Make in India
PM Narendra Modi will launch the 'Make in India' week in Mumbai on Saturday, feb. 13, 2016. In picture: Modi attends the India-China Business Forum in Shanghai May 16, 2015.Reuters

A report by a domestic brokerage firm contradicts a claim that Prime Minister Narendra Modi's 'Make in India' initiative was the main driver behind India's emergence as the world's top destination for foreign direct investment (FDI) in the first half of the year, surpassing China and the US.

The brokerage said that it would be "premature" to co-relate the increase in FDI to the 'Make in India' initiative.

The country saw capital inflows to the tune of $31 billion during the January-June period, while China and the US attracted an investment of $28 billion and $27 billion, respectively, according to a recent report by The Financial Times.

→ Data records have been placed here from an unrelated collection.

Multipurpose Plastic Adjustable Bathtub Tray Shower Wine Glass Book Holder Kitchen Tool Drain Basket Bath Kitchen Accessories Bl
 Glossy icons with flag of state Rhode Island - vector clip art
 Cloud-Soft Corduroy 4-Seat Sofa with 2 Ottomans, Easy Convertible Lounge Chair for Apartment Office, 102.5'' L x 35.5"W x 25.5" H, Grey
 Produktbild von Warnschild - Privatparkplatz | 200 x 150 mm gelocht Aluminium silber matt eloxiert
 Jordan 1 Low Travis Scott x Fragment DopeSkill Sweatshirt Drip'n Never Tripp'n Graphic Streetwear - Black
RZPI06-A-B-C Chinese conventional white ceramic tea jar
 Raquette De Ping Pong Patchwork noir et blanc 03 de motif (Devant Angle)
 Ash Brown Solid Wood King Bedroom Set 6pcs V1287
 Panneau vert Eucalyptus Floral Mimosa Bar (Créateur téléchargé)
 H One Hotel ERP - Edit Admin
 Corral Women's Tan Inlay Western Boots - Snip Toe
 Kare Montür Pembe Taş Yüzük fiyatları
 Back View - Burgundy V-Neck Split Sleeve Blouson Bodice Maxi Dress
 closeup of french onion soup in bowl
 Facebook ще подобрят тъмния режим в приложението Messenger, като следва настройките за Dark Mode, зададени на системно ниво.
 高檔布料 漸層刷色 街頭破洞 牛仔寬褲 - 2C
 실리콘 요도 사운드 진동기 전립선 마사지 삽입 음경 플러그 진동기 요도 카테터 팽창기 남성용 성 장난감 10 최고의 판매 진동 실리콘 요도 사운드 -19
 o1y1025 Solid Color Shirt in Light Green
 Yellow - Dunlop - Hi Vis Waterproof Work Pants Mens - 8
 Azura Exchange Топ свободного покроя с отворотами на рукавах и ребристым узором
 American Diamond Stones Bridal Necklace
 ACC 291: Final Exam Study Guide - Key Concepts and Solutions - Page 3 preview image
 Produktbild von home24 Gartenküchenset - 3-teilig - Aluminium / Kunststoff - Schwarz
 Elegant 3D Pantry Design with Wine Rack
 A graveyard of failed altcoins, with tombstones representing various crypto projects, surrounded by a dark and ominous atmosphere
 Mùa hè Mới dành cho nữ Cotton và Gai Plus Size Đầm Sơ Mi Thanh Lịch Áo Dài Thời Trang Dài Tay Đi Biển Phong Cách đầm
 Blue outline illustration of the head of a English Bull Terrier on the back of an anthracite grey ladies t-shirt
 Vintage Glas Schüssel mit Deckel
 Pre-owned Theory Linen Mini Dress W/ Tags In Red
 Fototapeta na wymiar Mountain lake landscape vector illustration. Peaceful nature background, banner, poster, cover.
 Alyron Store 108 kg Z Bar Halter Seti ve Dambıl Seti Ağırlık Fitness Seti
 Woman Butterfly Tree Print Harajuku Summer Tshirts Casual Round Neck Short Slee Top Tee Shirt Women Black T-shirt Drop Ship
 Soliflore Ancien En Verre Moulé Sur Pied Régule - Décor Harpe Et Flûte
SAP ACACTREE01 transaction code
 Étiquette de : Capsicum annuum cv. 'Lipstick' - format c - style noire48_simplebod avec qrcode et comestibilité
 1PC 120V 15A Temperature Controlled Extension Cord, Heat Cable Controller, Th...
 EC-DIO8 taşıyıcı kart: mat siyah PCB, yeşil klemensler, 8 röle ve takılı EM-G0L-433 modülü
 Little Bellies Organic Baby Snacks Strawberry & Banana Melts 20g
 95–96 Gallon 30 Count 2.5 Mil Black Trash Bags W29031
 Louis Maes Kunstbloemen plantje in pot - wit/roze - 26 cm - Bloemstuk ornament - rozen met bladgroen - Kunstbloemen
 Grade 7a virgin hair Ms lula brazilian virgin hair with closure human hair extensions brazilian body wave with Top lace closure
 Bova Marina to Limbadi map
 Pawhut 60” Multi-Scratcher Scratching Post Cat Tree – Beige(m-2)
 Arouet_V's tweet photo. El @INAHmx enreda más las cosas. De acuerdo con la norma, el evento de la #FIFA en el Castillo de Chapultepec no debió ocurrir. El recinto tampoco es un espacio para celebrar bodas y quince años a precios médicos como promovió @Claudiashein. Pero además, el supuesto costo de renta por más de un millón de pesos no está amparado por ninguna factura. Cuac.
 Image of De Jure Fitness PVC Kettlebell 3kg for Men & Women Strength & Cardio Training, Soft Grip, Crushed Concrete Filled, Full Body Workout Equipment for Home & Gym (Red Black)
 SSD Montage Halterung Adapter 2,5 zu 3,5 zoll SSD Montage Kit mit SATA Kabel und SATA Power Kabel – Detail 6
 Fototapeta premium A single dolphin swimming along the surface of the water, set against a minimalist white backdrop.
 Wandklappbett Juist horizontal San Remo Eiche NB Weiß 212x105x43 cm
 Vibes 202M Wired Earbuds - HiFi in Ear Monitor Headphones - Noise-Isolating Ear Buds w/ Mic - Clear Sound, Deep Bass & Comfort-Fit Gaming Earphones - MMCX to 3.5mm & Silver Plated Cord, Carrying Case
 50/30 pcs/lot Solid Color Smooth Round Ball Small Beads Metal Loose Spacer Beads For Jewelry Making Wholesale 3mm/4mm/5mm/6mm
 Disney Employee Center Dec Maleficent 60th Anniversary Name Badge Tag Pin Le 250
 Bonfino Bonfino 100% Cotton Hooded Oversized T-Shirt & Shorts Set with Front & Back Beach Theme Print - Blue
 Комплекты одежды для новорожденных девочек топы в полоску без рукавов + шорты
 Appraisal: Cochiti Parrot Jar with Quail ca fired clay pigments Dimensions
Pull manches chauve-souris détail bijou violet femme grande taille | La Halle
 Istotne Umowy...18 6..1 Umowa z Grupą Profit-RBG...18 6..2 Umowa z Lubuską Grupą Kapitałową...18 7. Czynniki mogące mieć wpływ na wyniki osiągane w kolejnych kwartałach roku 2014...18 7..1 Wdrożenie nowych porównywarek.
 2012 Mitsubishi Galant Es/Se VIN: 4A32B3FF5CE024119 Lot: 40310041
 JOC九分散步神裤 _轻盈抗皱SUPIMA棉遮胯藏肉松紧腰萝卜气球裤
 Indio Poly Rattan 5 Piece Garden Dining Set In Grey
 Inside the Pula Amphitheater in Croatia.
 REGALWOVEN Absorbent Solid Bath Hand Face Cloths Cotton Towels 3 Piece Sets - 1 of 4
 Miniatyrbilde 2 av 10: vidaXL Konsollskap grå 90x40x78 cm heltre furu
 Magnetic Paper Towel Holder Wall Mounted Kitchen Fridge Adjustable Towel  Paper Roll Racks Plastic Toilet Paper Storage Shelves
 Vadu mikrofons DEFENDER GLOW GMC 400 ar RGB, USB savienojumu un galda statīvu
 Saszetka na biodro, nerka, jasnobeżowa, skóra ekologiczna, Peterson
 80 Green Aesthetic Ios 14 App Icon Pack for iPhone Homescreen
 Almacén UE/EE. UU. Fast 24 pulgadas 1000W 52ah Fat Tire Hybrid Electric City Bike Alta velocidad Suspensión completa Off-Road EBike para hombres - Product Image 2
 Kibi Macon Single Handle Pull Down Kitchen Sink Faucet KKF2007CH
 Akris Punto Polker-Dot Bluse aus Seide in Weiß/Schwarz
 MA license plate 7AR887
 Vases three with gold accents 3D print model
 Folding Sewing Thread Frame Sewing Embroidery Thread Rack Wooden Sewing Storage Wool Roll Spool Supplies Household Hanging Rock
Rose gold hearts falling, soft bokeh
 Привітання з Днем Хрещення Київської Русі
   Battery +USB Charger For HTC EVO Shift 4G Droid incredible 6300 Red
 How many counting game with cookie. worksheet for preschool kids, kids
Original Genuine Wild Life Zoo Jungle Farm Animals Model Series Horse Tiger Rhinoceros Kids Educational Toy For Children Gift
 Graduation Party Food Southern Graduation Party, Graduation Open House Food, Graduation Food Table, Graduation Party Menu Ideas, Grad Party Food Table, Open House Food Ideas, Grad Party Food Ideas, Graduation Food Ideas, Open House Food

"The recent media hype over India surpassing China and US in FDI inflows, is supposedly considered an affirmation of the success of 'Make in India'. However, data suggests that FDI flows have centered on exploiting domestic consumption, rather than stimulating domestic manufacturing," NDTV Profit quoted Dhananjay Sinha and Kruti Shah of Emkay Global as saying.

The findings of the brokerage are based on data from various sources including the Department of Industrial Planning and Promotion, the agency that is responsible for driving the 'Make in India' programme.

According to Emkay Global, a significant part of FDI inflows to India flowed into e-commerce firms such as Flipkart and Snapdeal, automobiles and cash & carry businesses.

These firms are "not aligned to the spirit of the 'Make in India' campaign," it said.

The investments in these firms are targeted at exploiting the vast potential in domestic consumption but not aimed at improving exports, which is the main focus of 'Make in India', it said.

The country's automobile sector saw $6 billion investments in the form of FDI in the first half of 2015, but the contribution of exports to total sales of passenger cars stayed at around 20-25%, Emkay said.

"While the automobile industry has been considered as an important driver of the 'Make in India' campaign, evidence suggests that most of the FDI flows, both historically and recent, have been aided to capture domestic demand rather than exports, diluting the essence of the campaign," the brokerage added.